§ **RAW DATA**
------
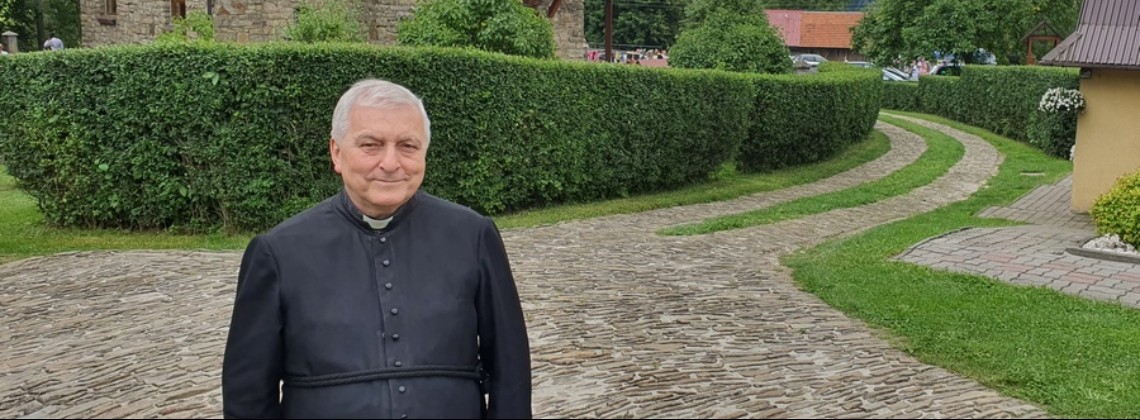Wnosił wszędzie pogodę ducha 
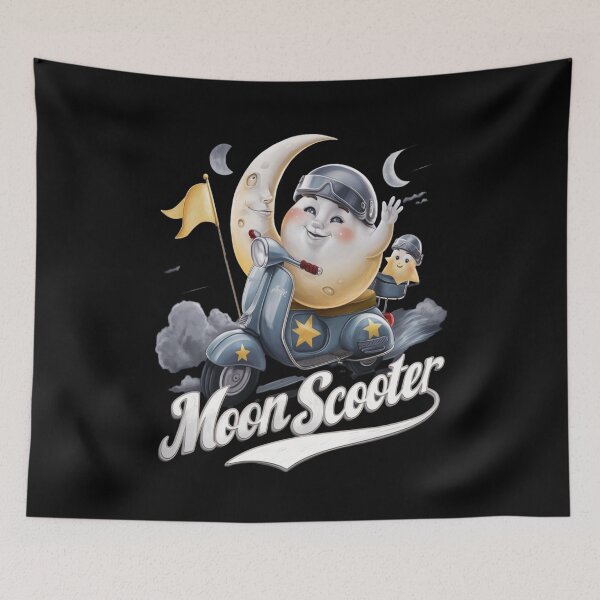 Item preview, Moon scooter designed and sold by JansenGS.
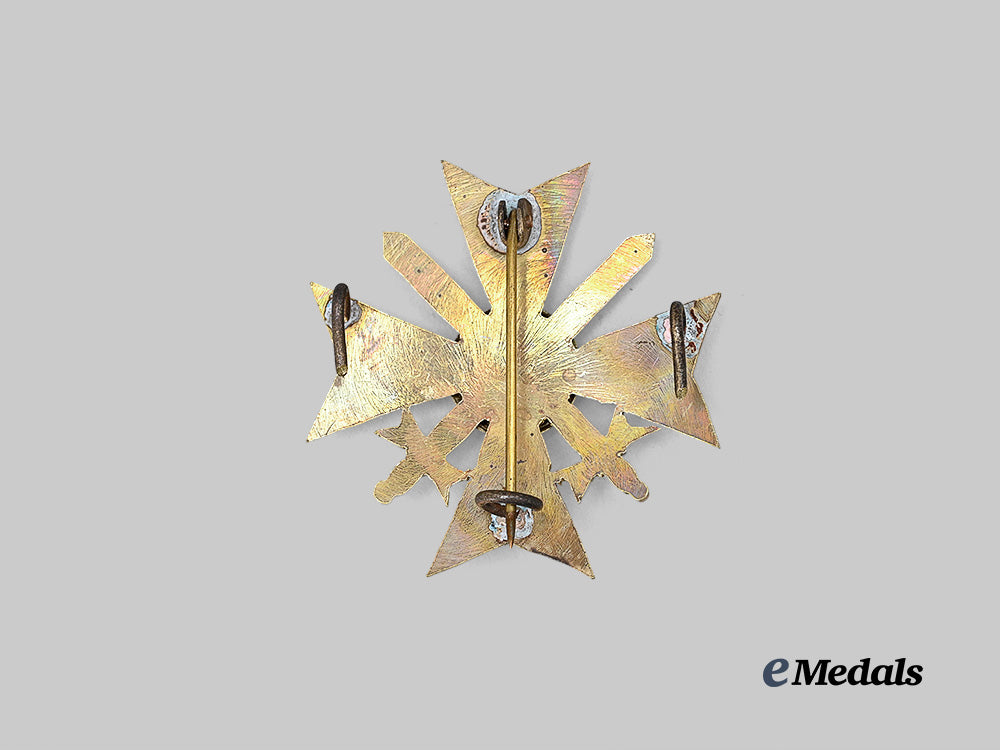 germany,_wehrmacht._a_war_merit_cross_i_class_with_swords,_spanish-_made_for_blue_division_veterans,_by_diez_y_campañia_e_medals__g64121_3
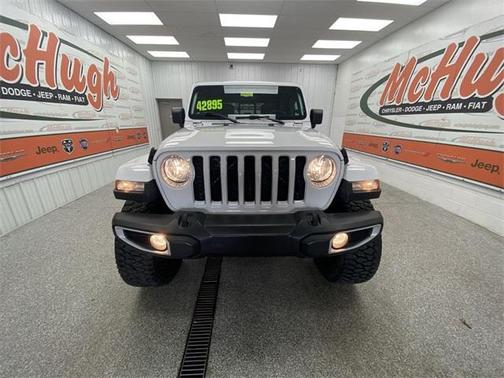 2022 Jeep Gladiator Overland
------
§ **PROBLEM TO WORK ON**
Repeat the listing above word for word, omitting the pictures.

§ **RESPONSE**
Wnosił wszędzie pogodę ducha 
 Item preview, Moon scooter designed and sold by JansenGS.
 germany,_wehrmacht._a_war_merit_cross_i_class_with_swords,_spanish-_made_for_blue_division_veterans,_by_diez_y_campañia_e_medals__g64121_3
 2022 Jeep Gladiator Overland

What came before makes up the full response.